▸ **AVAILABLE DATA**:
- - -

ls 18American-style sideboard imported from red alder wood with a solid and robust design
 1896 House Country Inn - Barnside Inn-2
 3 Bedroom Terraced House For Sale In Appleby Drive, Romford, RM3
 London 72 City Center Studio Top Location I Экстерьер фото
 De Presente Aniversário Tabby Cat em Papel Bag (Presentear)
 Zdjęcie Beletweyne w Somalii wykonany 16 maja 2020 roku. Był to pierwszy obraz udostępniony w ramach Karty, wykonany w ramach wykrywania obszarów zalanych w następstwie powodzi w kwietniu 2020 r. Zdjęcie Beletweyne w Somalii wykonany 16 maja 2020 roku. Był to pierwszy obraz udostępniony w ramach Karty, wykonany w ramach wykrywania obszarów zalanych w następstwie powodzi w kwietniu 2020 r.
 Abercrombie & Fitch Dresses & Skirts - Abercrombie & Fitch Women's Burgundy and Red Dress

- - -

▸ **WORK INSTRUCTIONS**: An exact copy of the lines from the one with "De Presente Aniversário" through the last line of the listing is the whole answer.

▸ **SOLVED EXERCISE**:
 De Presente Aniversário Tabby Cat em Papel Bag (Presentear)
 Zdjęcie Beletweyne w Somalii wykonany 16 maja 2020 roku. Był to pierwszy obraz udostępniony w ramach Karty, wykonany w ramach wykrywania obszarów zalanych w następstwie powodzi w kwietniu 2020 r. Zdjęcie Beletweyne w Somalii wykonany 16 maja 2020 roku. Był to pierwszy obraz udostępniony w ramach Karty, wykonany w ramach wykrywania obszarów zalanych w następstwie powodzi w kwietniu 2020 r.
 Abercrombie & Fitch Dresses & Skirts - Abercrombie & Fitch Women's Burgundy and Red Dress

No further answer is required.